INPUT RECORDS
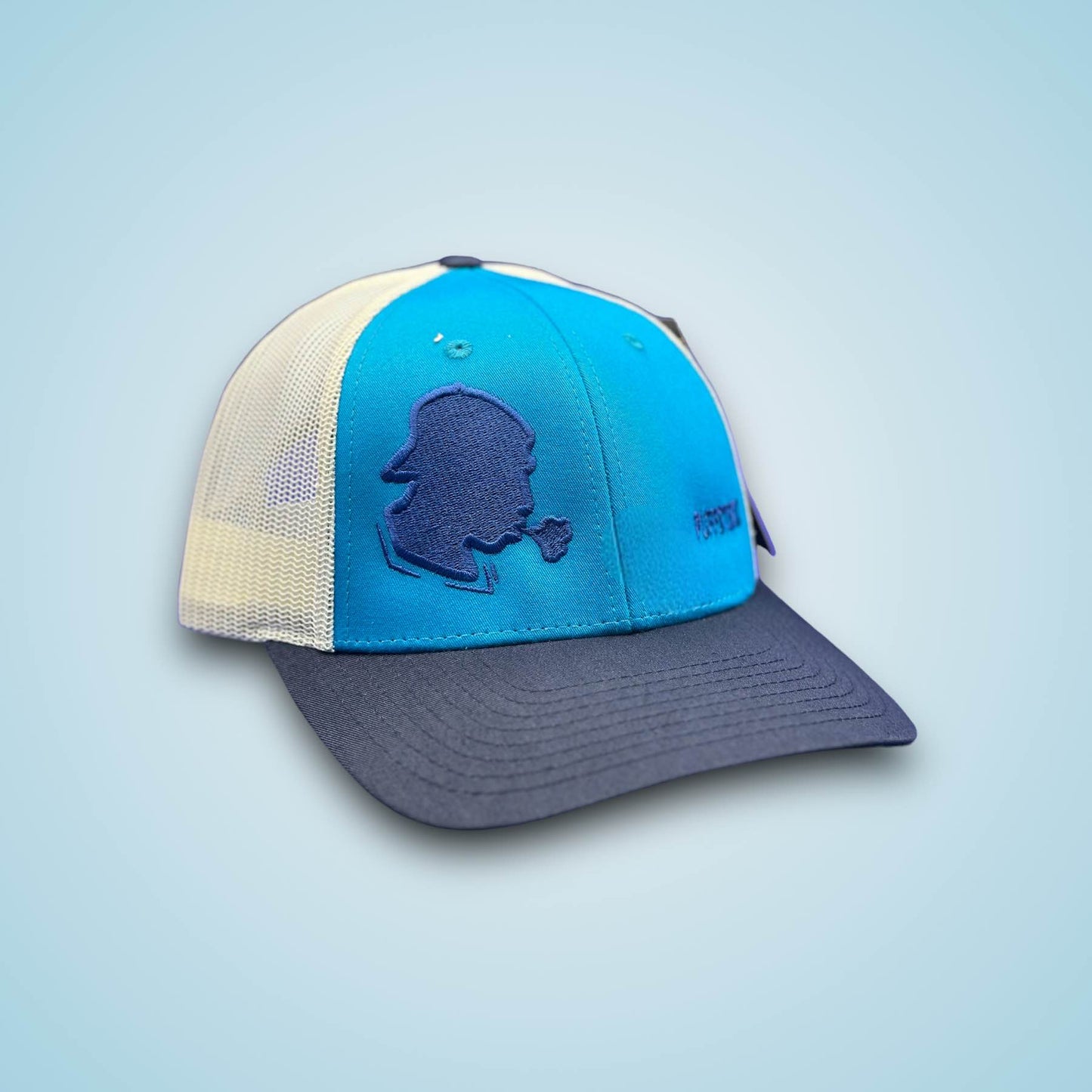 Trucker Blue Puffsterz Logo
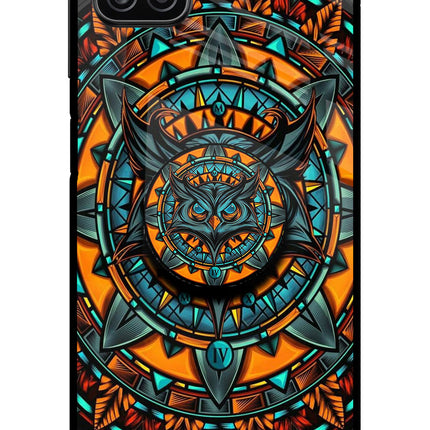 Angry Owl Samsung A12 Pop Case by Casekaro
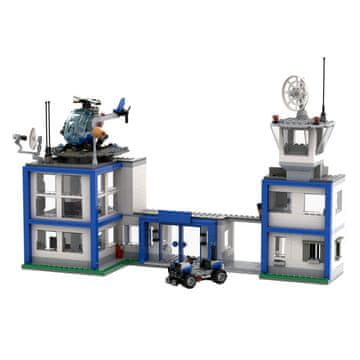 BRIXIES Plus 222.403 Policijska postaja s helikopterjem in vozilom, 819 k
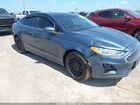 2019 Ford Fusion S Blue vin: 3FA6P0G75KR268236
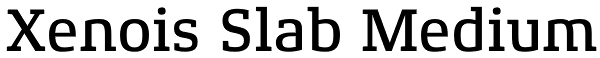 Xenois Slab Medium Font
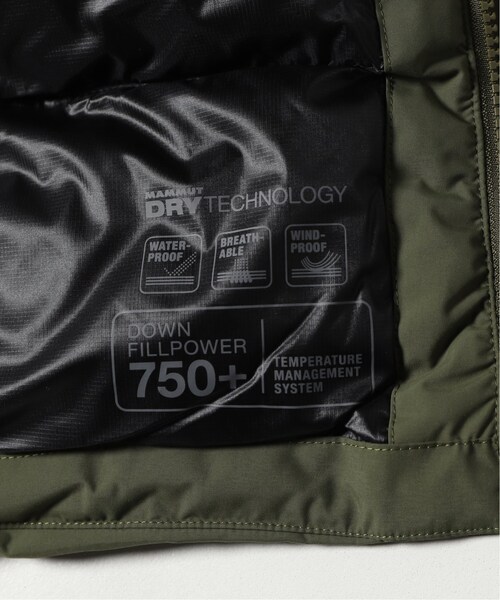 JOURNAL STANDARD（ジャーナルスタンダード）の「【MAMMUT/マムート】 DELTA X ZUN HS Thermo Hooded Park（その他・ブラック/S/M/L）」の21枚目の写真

...

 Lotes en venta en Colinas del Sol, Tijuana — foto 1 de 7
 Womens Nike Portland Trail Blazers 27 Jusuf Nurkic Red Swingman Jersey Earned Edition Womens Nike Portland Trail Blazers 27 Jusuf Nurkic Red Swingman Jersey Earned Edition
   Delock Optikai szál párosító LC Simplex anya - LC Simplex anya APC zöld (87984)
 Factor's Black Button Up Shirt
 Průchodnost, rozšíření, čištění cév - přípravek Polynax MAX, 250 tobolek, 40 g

==

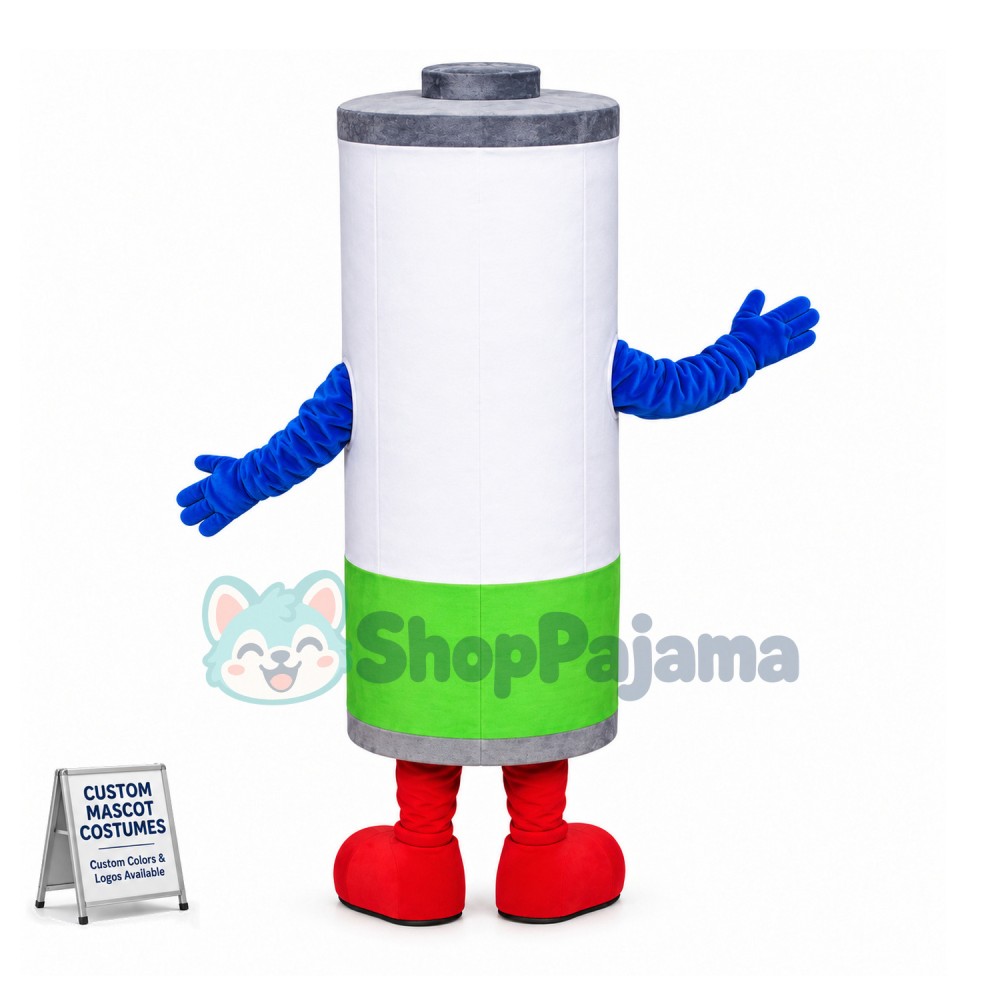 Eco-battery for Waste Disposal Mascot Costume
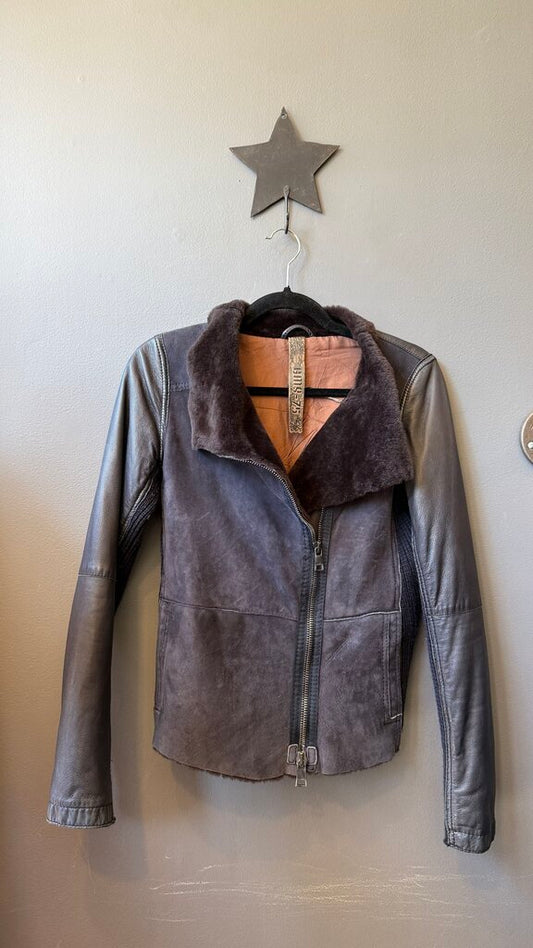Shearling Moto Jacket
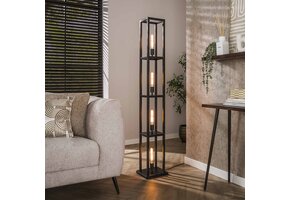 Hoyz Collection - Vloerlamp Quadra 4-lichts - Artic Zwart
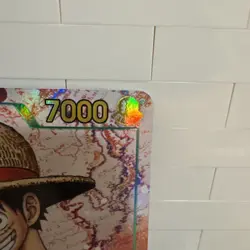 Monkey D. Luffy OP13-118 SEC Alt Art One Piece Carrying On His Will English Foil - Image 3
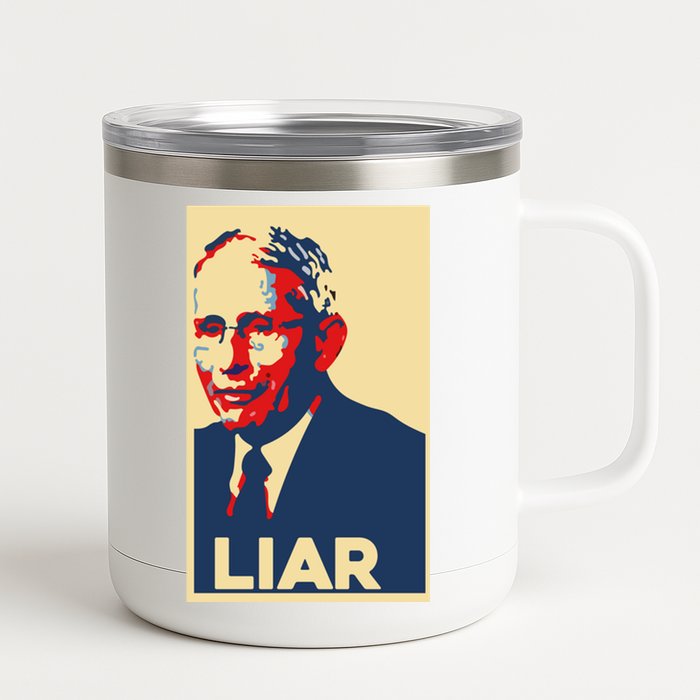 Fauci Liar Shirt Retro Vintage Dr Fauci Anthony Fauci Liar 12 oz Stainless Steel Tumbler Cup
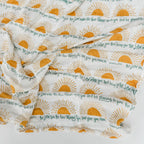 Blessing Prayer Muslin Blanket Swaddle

WHAT NEEDS TO BE DONE
The lines above, starting at the one with "Delock Optikai szál" and ending at the one with "Průchodnost, rozšíření, čištění", are the only ones to return, exactly as written.

RESPONSE FOR THIS EXERCISE
   Delock Optikai szál párosító LC Simplex anya - LC Simplex anya APC zöld (87984)
 Factor's Black Button Up Shirt
 Průchodnost, rozšíření, čištění cév - přípravek Polynax MAX, 250 tobolek, 40 g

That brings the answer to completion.